Santa Luzia, padroeira da cidade de Luziânia-GO, é patrona da Mel de Deus não por ser a protetora do município onde a Comunidade foi fundada, mas porque possui duas características essenciais que todo Mel de Deus deve cultivar: a participação fervorosa na Santa Missa e a profunda confiança no poder do Espírito Santo – confiança tão intensa a ponto de permitir-se ser guiada por ele até o martírio, se necessário fosse. Além disso, Santa Luzia é intercessora dos olhos, curando-nos tanto da visão corporal, quanto da visão espiritual, purificando-nos para ver e compreender o para quê e o porquê fomos criados: para contemplar a Deus. Como nos recorda o Evangelho:
“Bem-aventurados os puros de coração, porque verão a Deus” (Mt 5,8).

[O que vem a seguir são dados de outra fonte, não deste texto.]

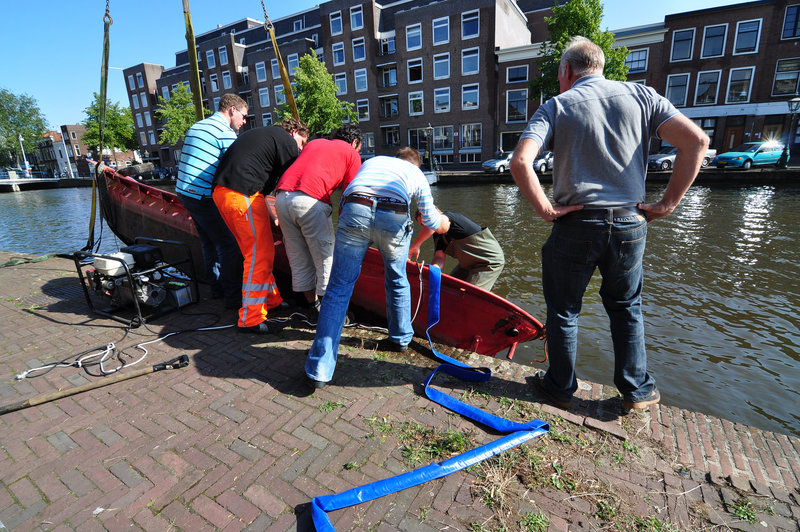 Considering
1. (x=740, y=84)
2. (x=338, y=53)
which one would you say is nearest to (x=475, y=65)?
(x=338, y=53)

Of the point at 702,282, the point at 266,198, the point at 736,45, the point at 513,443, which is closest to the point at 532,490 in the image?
the point at 513,443

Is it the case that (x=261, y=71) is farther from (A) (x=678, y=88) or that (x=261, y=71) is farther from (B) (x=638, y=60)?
(A) (x=678, y=88)

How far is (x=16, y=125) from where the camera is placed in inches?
2490

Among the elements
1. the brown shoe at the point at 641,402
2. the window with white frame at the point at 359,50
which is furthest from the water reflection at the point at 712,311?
the window with white frame at the point at 359,50

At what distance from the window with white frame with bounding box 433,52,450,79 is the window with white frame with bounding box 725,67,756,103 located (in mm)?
19660

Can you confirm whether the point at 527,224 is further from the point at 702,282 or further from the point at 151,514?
the point at 151,514

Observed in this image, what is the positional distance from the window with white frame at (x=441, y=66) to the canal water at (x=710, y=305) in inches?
1026

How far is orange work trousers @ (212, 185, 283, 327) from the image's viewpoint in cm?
356

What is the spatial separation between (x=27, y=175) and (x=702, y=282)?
2794 inches

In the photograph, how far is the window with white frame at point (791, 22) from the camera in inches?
986

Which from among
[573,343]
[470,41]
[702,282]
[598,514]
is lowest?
[702,282]

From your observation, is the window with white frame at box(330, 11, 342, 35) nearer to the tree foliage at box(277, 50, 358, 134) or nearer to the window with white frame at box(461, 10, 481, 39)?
the tree foliage at box(277, 50, 358, 134)

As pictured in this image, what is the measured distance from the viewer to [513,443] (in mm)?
2225

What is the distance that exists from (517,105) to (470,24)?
763 centimetres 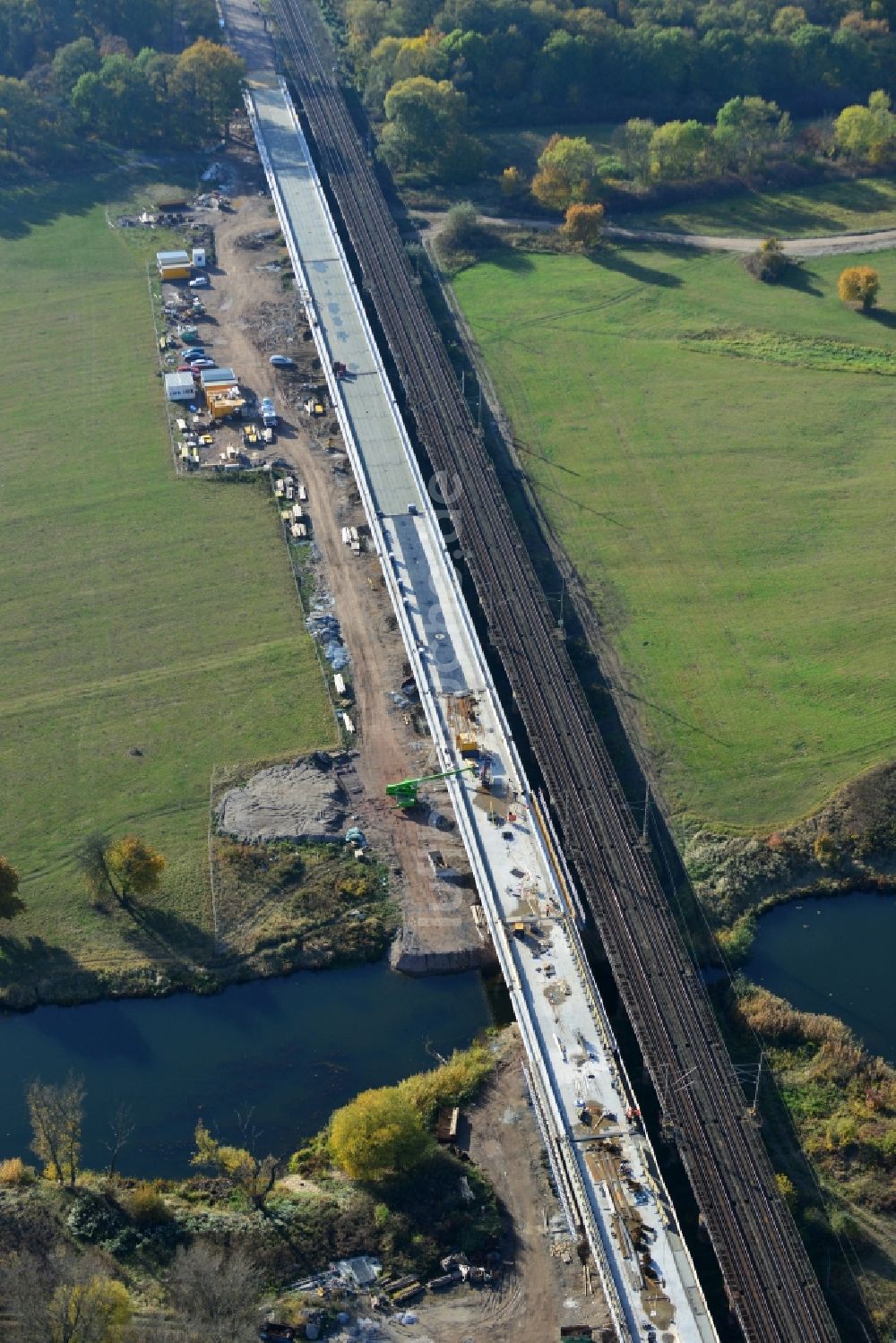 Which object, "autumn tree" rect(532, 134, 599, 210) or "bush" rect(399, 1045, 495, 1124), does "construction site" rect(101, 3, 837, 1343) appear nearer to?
"bush" rect(399, 1045, 495, 1124)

Entre muitos de seus devotos, Santa Luzia é conhecida principalmente pelo episódio em que, já prestes a ser presa e entregue ao martírio, pergunta ao noivo – cujo casamento recusara por ter consagrado a Deus sua virgindade – o que nele havia despertado tanta admiração. Ao ouvir que eram seus olhos, ela os arranca e os entrega numa bandeja. Milagrosamente, outros olhos nascem em seu lugar, motivo pelo qual é reconhecida como protetora da visão.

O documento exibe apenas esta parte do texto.